On Tuesday morning, September 11, 2001, I was teaching in Luther College’s Main 211.
This is what the classroom looks like today.
Except for the raised TV monitor and computer, it looks the same as it did twenty one years ago.
In 2001, Main 211 had a TV but on that day it did not work.
Decorah, Iowa (All times are Central Standard)
I got to my office about 6 AM to prepare for an 8 AM class. I was teaching a new course, Struggles for Freedom, that compared freedom movements in three countries, Northern Ireland, South Africa, and America.
I completed my work in Koren Hall about 7:30 and strolled the 200 yards to Main and my classroom.
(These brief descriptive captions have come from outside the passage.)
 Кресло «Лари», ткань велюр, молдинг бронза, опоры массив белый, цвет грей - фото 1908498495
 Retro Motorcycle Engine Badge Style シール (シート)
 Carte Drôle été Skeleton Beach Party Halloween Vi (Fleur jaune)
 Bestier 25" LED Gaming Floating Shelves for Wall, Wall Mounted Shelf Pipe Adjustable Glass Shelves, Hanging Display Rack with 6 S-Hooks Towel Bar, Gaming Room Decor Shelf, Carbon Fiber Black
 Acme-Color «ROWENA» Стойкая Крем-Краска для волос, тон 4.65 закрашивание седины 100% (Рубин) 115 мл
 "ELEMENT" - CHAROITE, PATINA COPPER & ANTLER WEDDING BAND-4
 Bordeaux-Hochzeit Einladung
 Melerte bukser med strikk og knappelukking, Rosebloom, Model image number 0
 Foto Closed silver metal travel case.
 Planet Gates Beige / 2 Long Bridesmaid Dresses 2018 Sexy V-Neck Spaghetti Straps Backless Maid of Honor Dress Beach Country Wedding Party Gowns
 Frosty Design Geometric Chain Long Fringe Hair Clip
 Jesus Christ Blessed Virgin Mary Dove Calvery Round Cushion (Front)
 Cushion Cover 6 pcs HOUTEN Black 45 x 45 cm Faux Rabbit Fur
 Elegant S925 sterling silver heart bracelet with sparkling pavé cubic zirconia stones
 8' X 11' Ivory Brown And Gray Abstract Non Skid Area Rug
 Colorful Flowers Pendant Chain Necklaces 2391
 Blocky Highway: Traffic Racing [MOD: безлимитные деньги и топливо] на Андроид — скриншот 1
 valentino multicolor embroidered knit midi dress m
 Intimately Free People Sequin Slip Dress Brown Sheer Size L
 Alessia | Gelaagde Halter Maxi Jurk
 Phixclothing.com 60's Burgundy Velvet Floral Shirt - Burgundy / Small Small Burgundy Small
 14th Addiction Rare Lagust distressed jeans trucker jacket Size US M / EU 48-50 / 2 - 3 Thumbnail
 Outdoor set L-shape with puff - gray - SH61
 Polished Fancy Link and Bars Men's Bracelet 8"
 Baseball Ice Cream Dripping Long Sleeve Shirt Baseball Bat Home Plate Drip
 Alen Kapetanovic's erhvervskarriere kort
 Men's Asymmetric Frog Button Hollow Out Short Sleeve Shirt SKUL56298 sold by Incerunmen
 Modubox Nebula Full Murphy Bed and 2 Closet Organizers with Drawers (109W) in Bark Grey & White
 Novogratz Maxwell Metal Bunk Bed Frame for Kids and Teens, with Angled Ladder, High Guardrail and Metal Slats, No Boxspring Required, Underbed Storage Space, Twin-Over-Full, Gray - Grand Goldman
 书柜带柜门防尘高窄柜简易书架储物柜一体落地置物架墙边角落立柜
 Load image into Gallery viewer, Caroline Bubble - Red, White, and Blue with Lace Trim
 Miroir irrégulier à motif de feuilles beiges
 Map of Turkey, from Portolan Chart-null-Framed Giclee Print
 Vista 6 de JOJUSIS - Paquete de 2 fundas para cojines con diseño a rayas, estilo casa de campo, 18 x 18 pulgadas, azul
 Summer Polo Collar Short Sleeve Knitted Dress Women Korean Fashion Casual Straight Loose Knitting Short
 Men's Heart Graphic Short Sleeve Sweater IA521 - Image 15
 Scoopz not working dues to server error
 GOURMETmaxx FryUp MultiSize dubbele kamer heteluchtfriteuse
The sun was to my back, on a clear day in the American midwest.
Main Classroom Building, Luther College
Always restless before class, I wanted to check whether there were enough chairs for the 16 of us.
Also on my mind was where to put the portable lectern to signal to students where I would be sitting. I decided to put it at the end of the table facing the door.
Because I did not plan to use the TV, I did not check whether it was working.
Tuesday, September 11 would be our 5th class meeting.
We started with Northern Ireland and that day’s topic was the role of terrorism in the conflict between Protestant and Catholic Communities.
It was a normal Tuesday morning on the Luther College campus in Decorah, Iowa.
Boston & New York (Times are Central Standard)
At 6:59 AM, American Airlines Flight 11 with 92 people took off from Boston International Airport destined for Los Angeles.
As I was preparing for my day’s work:
Captain John Ogonowski and First Officer Thomas McGuiness Jr. were going through their pre-flight routines.
Chief Flight Attendant Karen Martin was overseeing the boarding of passengers along with Flight Attendants Barbara Arestegui, Jeffrey Collman, Sara Low, Kathleen Nicosia, Betty Ann Ong, Jean Roger, Dianne Snyder, and Amy Sweeney.
Among the 81 passengers finding their seats were Mohamed Atta, Abdulaziz al-Omari, Wail al-Shehri, Waleed al-Shehri, and Stam al-Sugami.
About the time I was walking from my office to my classroom:
Flight Attendant Betty Ann Ong notified (7:19 AM) the American Airlines ground crew that Flight 11 had been hijacked. Ong provided information for 25 minutes.
Flight 11 & North Tower
As students began filtering into Main 211, at 7:46 AM
Mohamed Atta guided America Flight 11 into the North Tower of the World Trade Center.
Decorah
As students were settling into their seats, one mentioned he had heard on the news that a plane had crashed into the World Trade Center.
Before I asked my first question about that day’s Northern Ireland reading, at 8:03 AM:
Marwan al-Shehri steered United Flight into the South Tower.
In 2001, no one had a phone or personal computer to see news in real time.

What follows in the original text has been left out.